D’altra parte, ciò che è artificiale mi ubriaca, lasciandomi spazio solo per qualche momento di lucidità.
Quando sono qui, di fronte a questo schermo, cestino tante cose, imparo persino a non guardarle. Mentre quando sono di fronte ad un paesaggio naturale tutto quello che c’è mi si impone alla vista, tanto da convincermi della definizione dell’esserci, tanto da convincermi di credere e sapere che la realtà sia quella. Ciò che io chiamo realtà, è quello Dio.
Mi posso nascondere sotto migliaia di veli di lino, o di tulle, più rado, ma non basta a farmi perdere la credulità.
Credulità che per me è come un canto è ciò che vedo anche nel linguaggio.
Tante, tante volte non pensandoci mi lamentai, e non so bene perché piansi, perché i miei latrati abbandonarono me, perché usai di quei rumori per evocare l’attenzione degli altri. La scrittura è questa essenza stessa.
Tuttora so che il mio sacrificio sta nell’aver incontrato un uomo, nell’amarlo, e mentirgli, senza sapere bene perché, mentirgli, sulla mia arte. So che sto mentendo proprio mentre, guarda un po’, dietro la porta appare uno specchio, che rivela che quell’uomo è dentro di me, sono io stessa.

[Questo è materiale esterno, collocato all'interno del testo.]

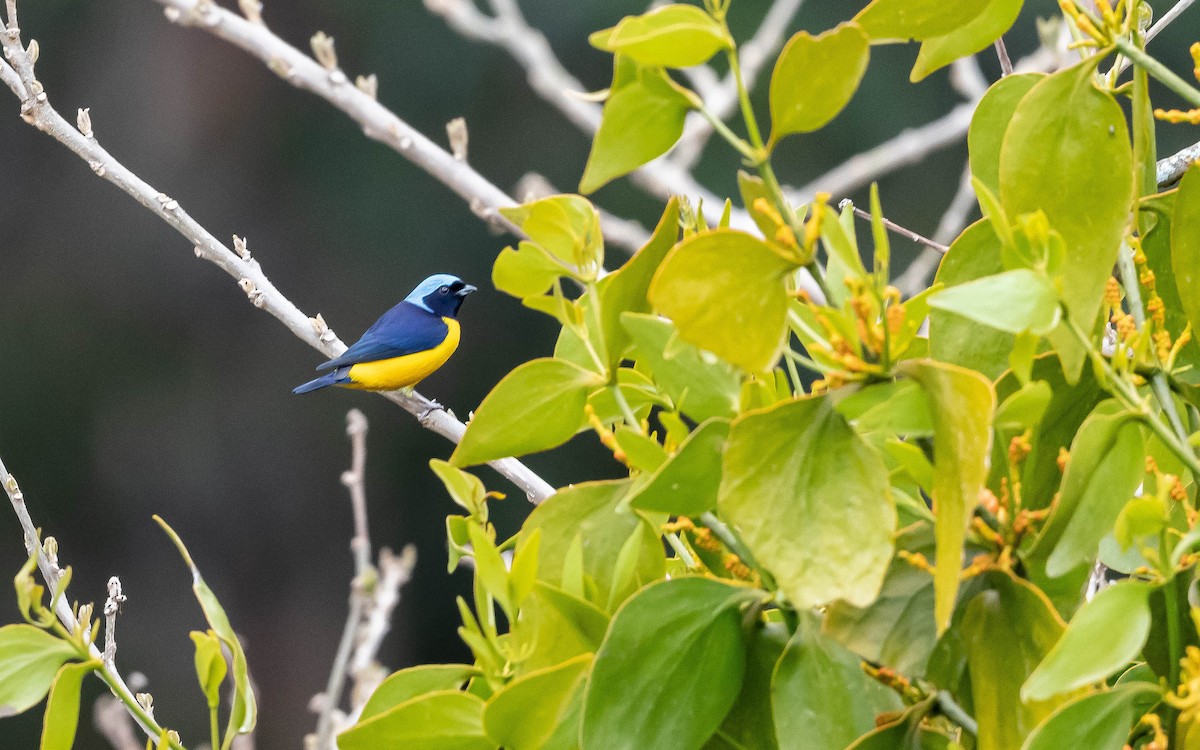 Golden-rumped Euphonia - ML611216338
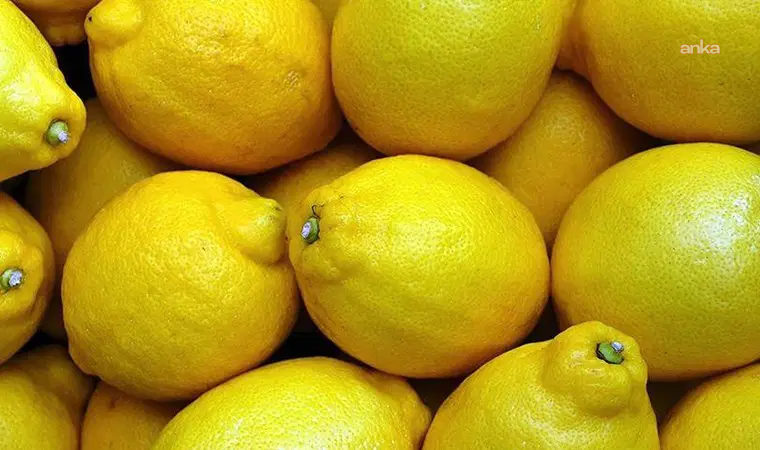TZOB: Ekim ayında limon üreticide 3,90 liraya, markette 42,87 liraya satıldı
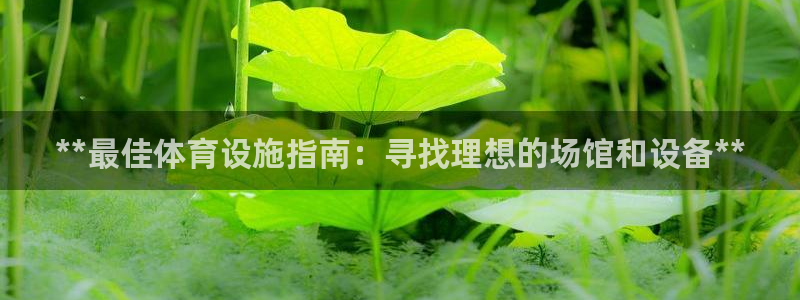 海南意昂体育3发展怎么样：**最佳体育设施指南：寻找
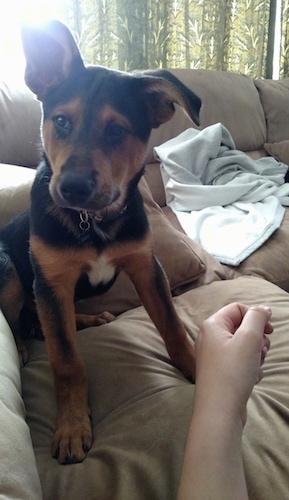 A black with tan and white Shepherd Pit dog is sitting on a couch and it is looking to the left. Its right ear is flopped down and its left ear is standing up tall.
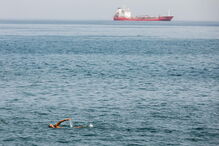 2017-09-25_14_44.29 M2-14692977.JPG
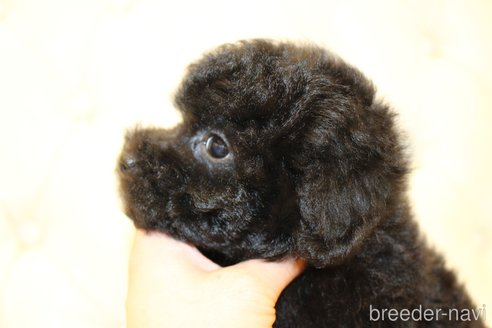 成約済の東京都のタイニープードル-250848の3枚目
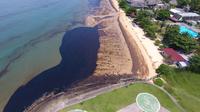 Gambar dari udara tumpahan minyak di Pantai Benua Patra, Balikpapan, Kalimantan Timur, Senin (2/4). Tumpahan minyak disebabkan oleh pipa bawah laut Pertamina yang pecah. (AFP)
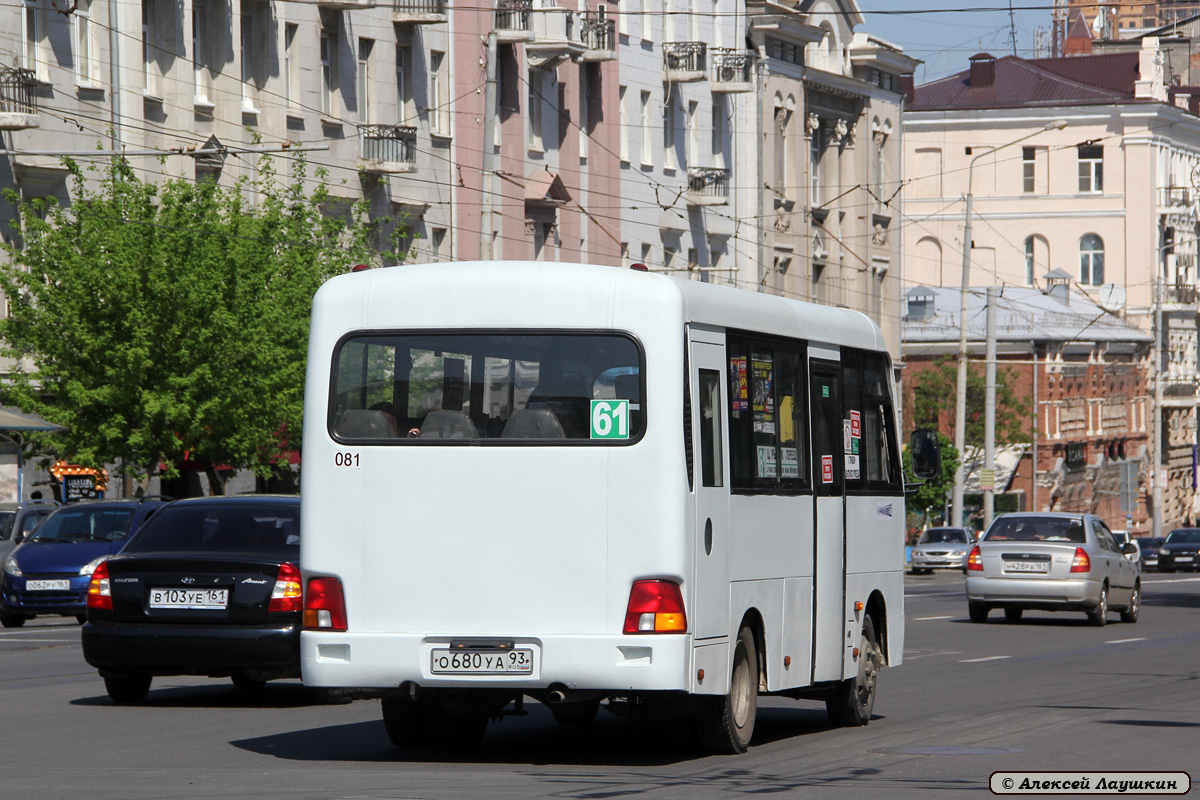 Ростовская область, Hyundai County SWB C08 (РЗГА) № 081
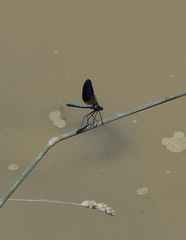 Calopteryx splendens caprai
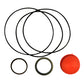 S.41499 Orbital Seal Kit () Fits Case IH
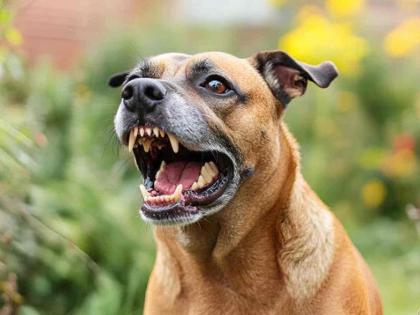 व्याघ्र प्रकल्पात भटक्या कुत्र्यांचा वावर, वन्यजीव संरक्षणाला अडथळा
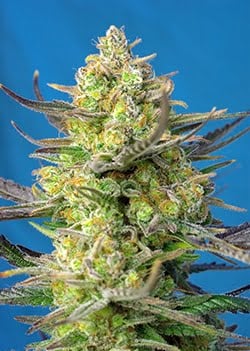 Close-up of a flowering Sweet Cheese XL Auto with densely packed buds, bright green leaves, and orange pistils set against a blue background.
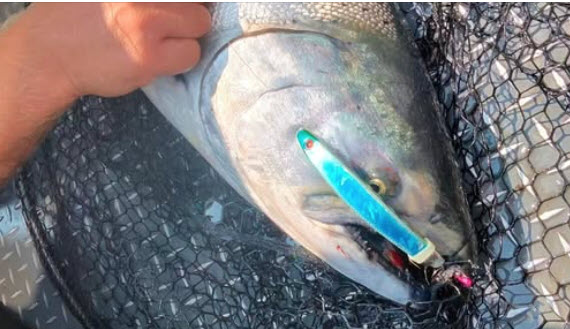 buoy 10 charter guide service Large salmon with a fishing lure in it's mouth
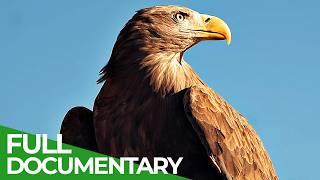 Wings of Freedom: The Last Wild Sea Eagle | Free Documentary Nature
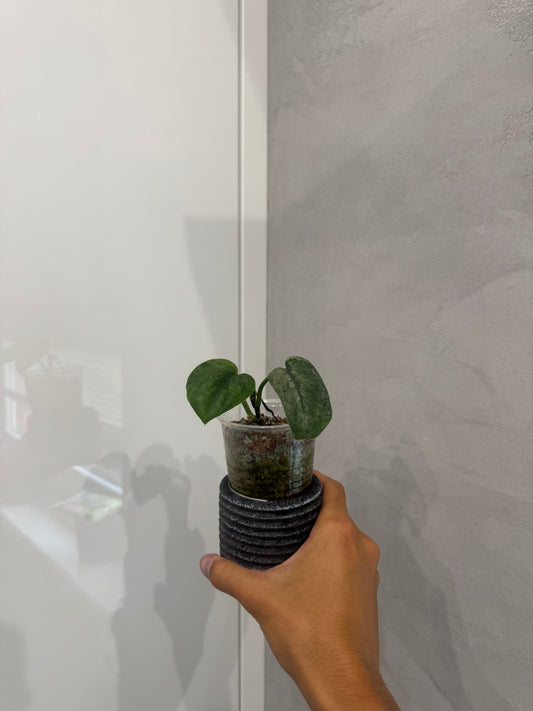 Scindapsus silver dark cloud var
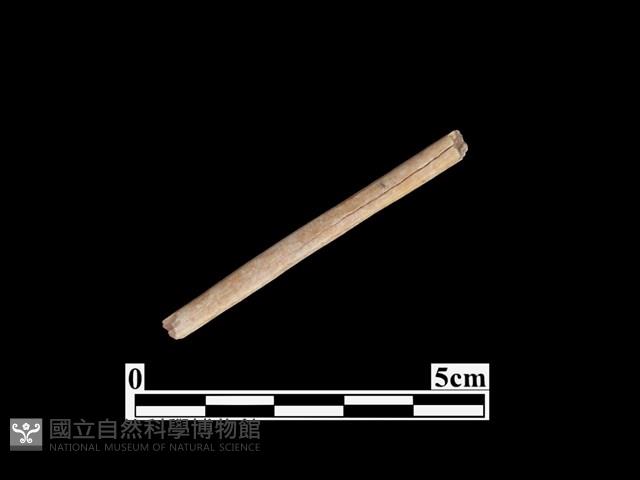 骨器藏品圖，第1張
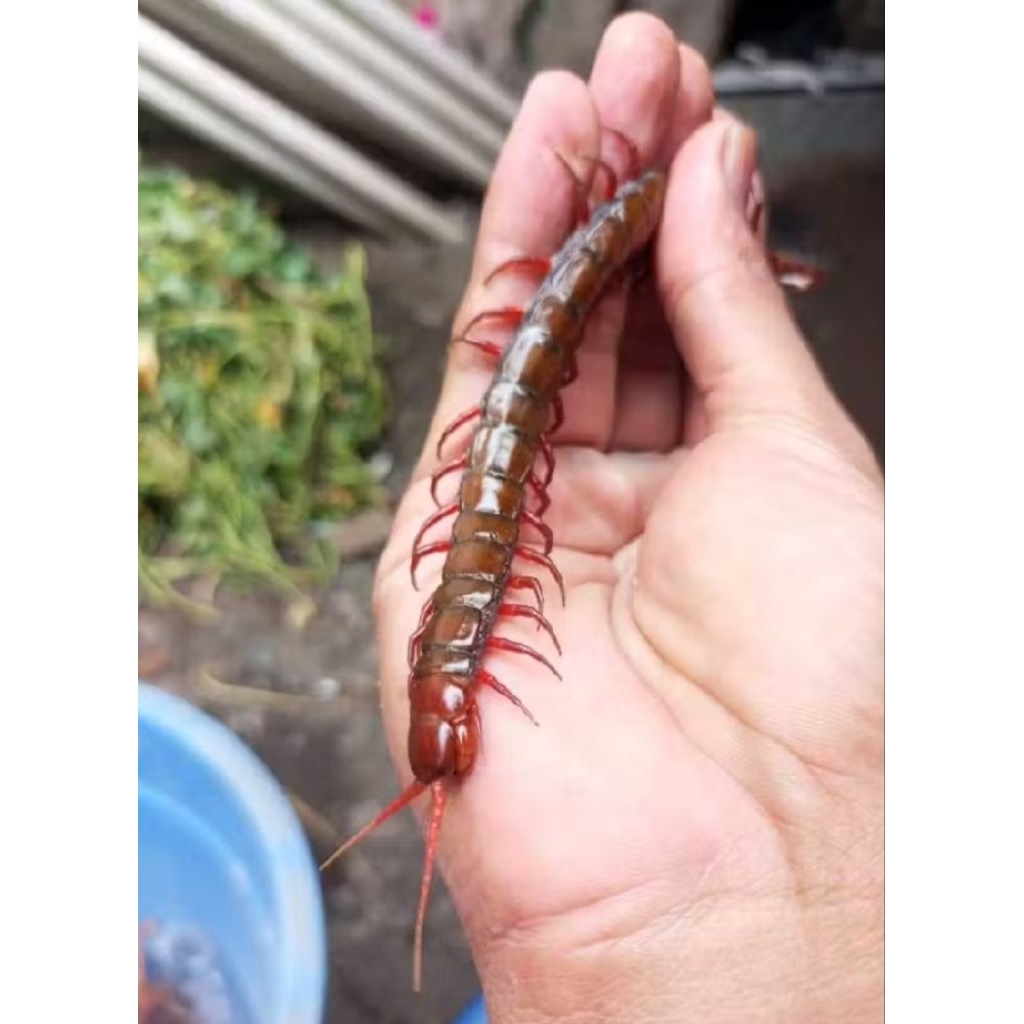 Kelabang Merah HIDUP (GARANSI HIDUP) ukuran 4-7 cm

Quello che sono non mi abbandonerà mai e allora tanto vale dirgli la verità, ma non ne sono capace.
C’è una bellezza nella conoscenza e c’è una bugia nella bellezza.
Non sono fatta per questo corpo, devo spargermi, e rafforzarmi, e scavare, e farmi prendere dalla terra. Ma non farmi prendere debole bensì vivifica, fertile. Farmi prendere come un flash fotografico sull’ultimo millimetro del parapetto della torre dalla quale mi sto lanciando.